=== WHAT IS REQUIRED ===
From the records below, please repeat exactly the line that has "форсунка Renault Megane", the line that has "2016 FORD EVEREST TREND", and every line between them, and nothing else.

'''

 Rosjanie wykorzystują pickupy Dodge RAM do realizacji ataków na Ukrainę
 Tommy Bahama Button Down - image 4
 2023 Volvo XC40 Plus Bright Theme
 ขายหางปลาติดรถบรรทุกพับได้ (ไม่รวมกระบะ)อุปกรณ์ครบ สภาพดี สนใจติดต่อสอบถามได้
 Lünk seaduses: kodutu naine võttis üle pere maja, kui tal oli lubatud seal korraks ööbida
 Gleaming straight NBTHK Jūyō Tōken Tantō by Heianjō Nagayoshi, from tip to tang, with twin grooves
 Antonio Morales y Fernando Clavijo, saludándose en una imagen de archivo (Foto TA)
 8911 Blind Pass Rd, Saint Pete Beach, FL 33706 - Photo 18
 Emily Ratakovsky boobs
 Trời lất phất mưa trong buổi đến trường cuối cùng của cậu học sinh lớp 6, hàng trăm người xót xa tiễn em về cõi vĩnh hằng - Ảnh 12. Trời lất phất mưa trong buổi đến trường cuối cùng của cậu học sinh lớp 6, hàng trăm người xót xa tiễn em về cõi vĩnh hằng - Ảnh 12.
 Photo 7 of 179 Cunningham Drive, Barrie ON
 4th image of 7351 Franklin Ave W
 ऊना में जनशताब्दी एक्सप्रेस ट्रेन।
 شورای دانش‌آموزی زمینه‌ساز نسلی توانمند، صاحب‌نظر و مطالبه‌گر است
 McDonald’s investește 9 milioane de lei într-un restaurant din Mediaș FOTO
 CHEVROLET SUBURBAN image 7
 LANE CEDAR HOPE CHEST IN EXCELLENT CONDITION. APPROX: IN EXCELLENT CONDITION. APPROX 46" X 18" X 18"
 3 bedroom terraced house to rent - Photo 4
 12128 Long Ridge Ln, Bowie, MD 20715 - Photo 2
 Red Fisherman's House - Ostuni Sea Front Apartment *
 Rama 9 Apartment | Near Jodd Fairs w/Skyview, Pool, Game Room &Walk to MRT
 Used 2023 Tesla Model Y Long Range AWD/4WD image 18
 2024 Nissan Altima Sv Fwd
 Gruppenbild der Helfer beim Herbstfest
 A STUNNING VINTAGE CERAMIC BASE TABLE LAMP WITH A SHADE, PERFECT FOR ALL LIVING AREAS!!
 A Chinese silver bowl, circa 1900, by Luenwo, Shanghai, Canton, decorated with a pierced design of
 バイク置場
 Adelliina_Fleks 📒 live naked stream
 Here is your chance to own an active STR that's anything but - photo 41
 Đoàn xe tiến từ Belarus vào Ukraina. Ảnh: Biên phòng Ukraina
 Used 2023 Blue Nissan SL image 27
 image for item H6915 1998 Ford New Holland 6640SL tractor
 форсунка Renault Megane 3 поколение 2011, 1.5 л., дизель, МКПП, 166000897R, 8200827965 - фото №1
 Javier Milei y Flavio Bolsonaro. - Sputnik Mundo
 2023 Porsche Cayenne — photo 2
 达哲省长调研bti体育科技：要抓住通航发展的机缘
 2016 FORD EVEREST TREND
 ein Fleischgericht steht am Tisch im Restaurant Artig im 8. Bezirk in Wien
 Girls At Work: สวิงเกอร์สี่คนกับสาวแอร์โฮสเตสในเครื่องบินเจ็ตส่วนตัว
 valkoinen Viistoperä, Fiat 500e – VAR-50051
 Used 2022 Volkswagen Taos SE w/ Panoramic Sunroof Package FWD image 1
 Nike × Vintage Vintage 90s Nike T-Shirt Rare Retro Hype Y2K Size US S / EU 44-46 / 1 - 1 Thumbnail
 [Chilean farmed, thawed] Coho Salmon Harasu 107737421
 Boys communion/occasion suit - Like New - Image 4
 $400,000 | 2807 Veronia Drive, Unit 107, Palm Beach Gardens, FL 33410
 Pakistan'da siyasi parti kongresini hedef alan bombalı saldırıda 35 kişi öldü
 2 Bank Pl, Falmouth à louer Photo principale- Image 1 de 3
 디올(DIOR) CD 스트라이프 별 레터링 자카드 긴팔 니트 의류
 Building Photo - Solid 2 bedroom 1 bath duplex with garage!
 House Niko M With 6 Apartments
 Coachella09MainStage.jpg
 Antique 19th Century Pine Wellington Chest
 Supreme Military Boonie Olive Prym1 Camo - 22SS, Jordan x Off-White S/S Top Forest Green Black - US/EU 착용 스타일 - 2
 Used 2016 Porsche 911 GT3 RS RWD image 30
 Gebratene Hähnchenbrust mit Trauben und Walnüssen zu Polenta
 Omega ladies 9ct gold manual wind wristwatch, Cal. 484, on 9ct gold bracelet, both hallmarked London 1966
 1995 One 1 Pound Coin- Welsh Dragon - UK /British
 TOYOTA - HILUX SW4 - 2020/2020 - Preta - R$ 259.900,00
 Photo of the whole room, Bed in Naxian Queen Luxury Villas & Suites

'''

=== TASK RESULT ===
 форсунка Renault Megane 3 поколение 2011, 1.5 л., дизель, МКПП, 166000897R, 8200827965 - фото №1
 Javier Milei y Flavio Bolsonaro. - Sputnik Mundo
 2023 Porsche Cayenne — photo 2
 达哲省长调研bti体育科技：要抓住通航发展的机缘
 2016 FORD EVEREST TREND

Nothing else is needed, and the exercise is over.